Yesterday DH promised that we would paint the rest of the upstairs after he came home from selling a bunch of crap at a car swap meet. I had everything all ready to go when he got home, but do you think we actually painted? Nope. He was too tired. We spent the entire rest of the day on the couch watching TV. Not normally something I would complain about, but when you have a shit load of stuff to take care of before baby gets here, any down time seems like such a waste!

His "tired" excuse is really starting to piss me the fuck off. No matter what I want to do, he's always tiiiiired. Remember how the doc took me off pelvic rest last week? You'd think that we've been going at it like bunnies after being deprived for four months (hell, I thought we would!), but in reality, we've only done it ONCE since then. I've been turned down every damn day for the past five days. Multiple times a day. I'm starting to think that "tired" isn't the real reason...

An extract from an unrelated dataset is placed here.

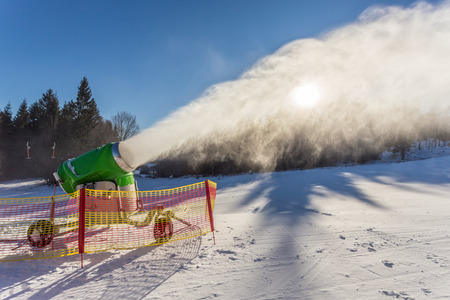 working snow gun on a hillside in the resortの写真素材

My little sister left for Korea yesterday. I knew it was coming and had prepared myself for it, so that in and of itself wasn't so upsetting. What got to me was that she had a good week before she had to report for duty and instead of coming home to spend time with her family, she chose to go to California and hang out with her friends and asshat boyfriend (who I'm almost positive is cheating on her). I got a call from her yesterday, right as she was checking in at the airport and only got to talk to her for about 5 minutes before she had to go through security. She'll be gone a year and I didn't even get to hug her goodbye. I spent most of yesterday bawling; alternating between sad "I miss her" tears and pissed "I can't believe she did that" tears. She also didn't call our mom before she left; she asked me to do it for her...

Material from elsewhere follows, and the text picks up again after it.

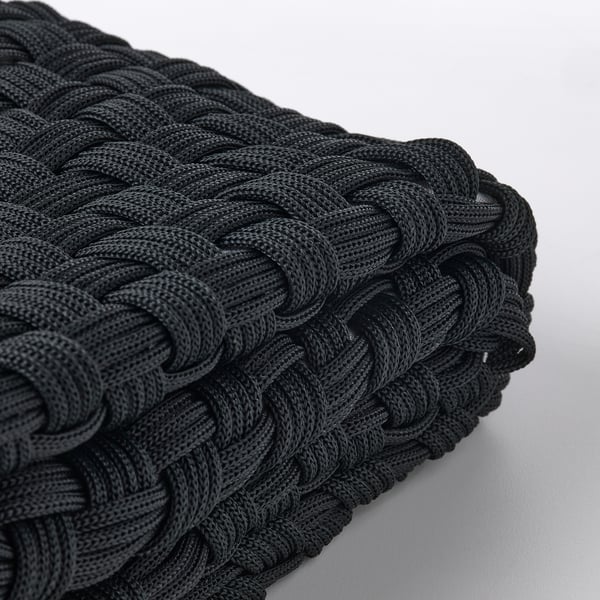 Housse de coussin en corde noire tressée, finement tissée, exposée sur un fond clair, mettant en valeur un savoir-faire de haute qualité.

She called again this morning to let me know that she'd made it ok. I had to make sure she called our mom this time 'cause you can never tell with her anymore. Luckily, she already had.

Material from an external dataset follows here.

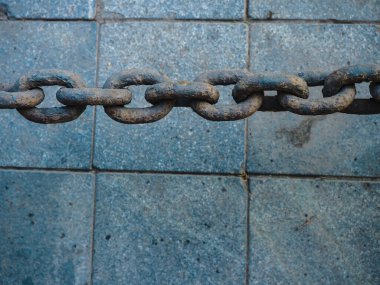 Yukarıdan gelen büyük paslı zincir mavi-gri granit levhaların arka planında yatay olarak görülüyor..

So YAY MONDAY! I hope this week is better than last.

5 comments:

Bee said...

Sorry you had such a rough weekend, lovf. Hope this week is a ton better for you!

Shell said...

I'm so sorry. It sounds like you had a heck of a weekend. What can you say, sometimes sisters will be sisters...I know I have 3! Hopefully your week will go better and you can trip asshat carpool guy on his way into his office. (oops) :)

Carly said...

(( hugs )) i will keep your sister in my thoughts. and WTF carpool buddy? who does that? And can I tell you- your tired story made me Lol bc I flipped on eric the other night for telling me how tired he was. Try being pg, not sleeping, trying to get a never ending to do list done, etc. You will be great and everything will get done- and if it doesn't? you will still be ok. Just know that

Z said...

Awww, sweety! Yay for Monday. :)

Everything will work out. You're full term soon and I'm sure part of H's prob is baby stress. He knows everything is coming term soon and I bet that's scary for him. Not an excuse, but maybe part of the reason. *hugs* If we lived closer, I'd come help paint! I love to paint.

Molly said...

I'm so sorry you had such a crappy weekend. I will be thinking of you in the coming weeks!